# [Records from a data source]
== Segment start ==
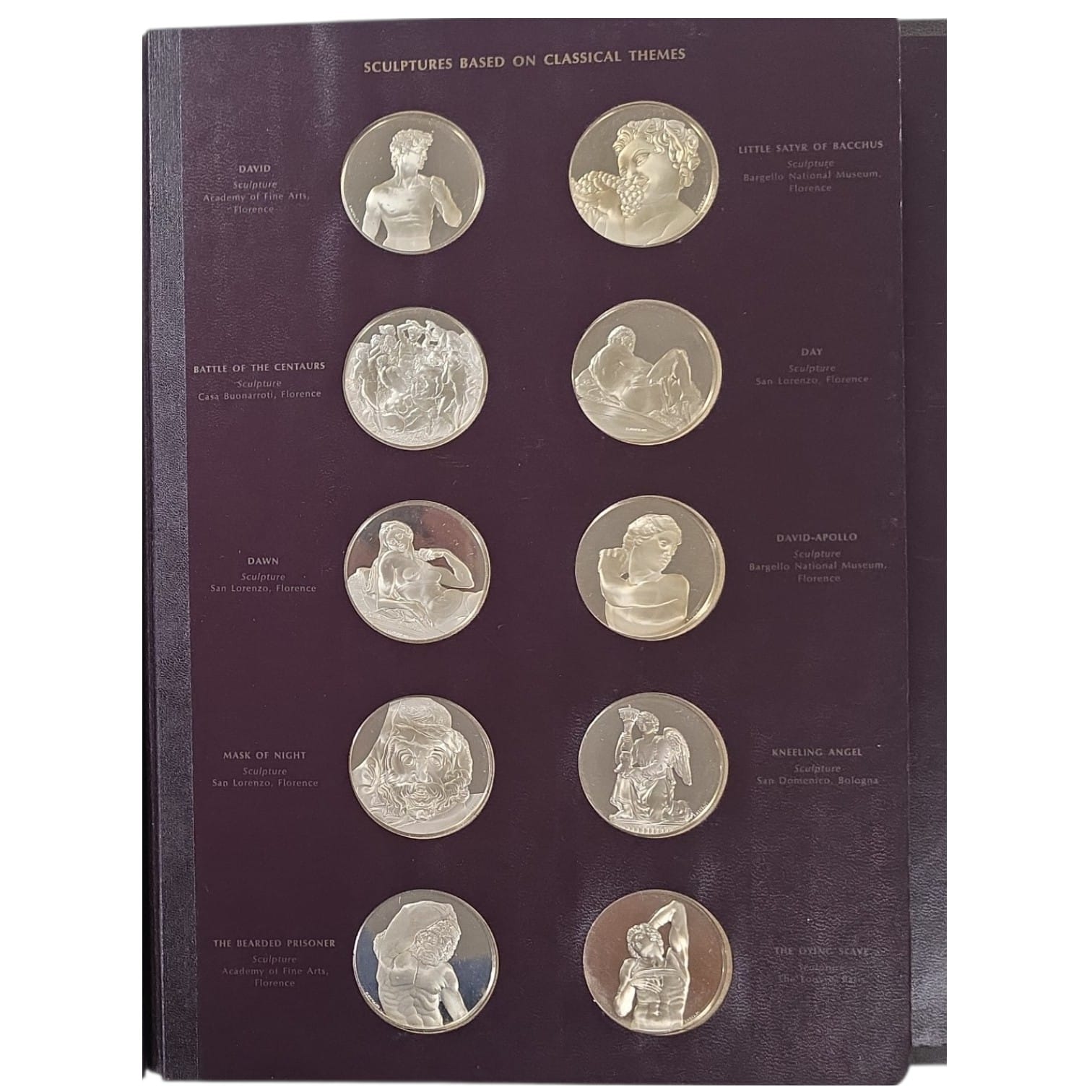 Picture of Franklin Mint The Genius of Michelangelo Complete 60 Sterling Silver Medal Set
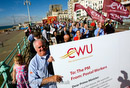 CWU postal workers deliver a massive postcard with list of demands around pensions, workload and modernisation. Labour Party Conference 2009. Brighton.

© Jess Hurd/reportdigital.co.uk
Tel: 01789-262151/07831-121483  
info@reportdigital.co.uk  
NUJ recommended terms & conditions apply. Moral rights asserted under Copyright Designs & Patents Act 1988. Credit is required. No part of this photo to be stored, reproduced, manipulated or transmitted by any means without permission.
== Segment end ==
# [What is needed]
Drop the images and quote the entries word for word.

# [Result]
 Picture of Franklin Mint The Genius of Michelangelo Complete 60 Sterling Silver Medal Set
 CWU postal workers deliver a massive postcard with list of demands around pensions, workload and modernisation. Labour Party Conference 2009. Brighton.

© Jess Hurd/reportdigital.co.uk
Tel: 01789-262151/07831-121483  
info@reportdigital.co.uk  
NUJ recommended terms & conditions apply. Moral rights asserted under Copyright Designs & Patents Act 1988. Credit is required. No part of this photo to be stored, reproduced, manipulated or transmitted by any means without permission.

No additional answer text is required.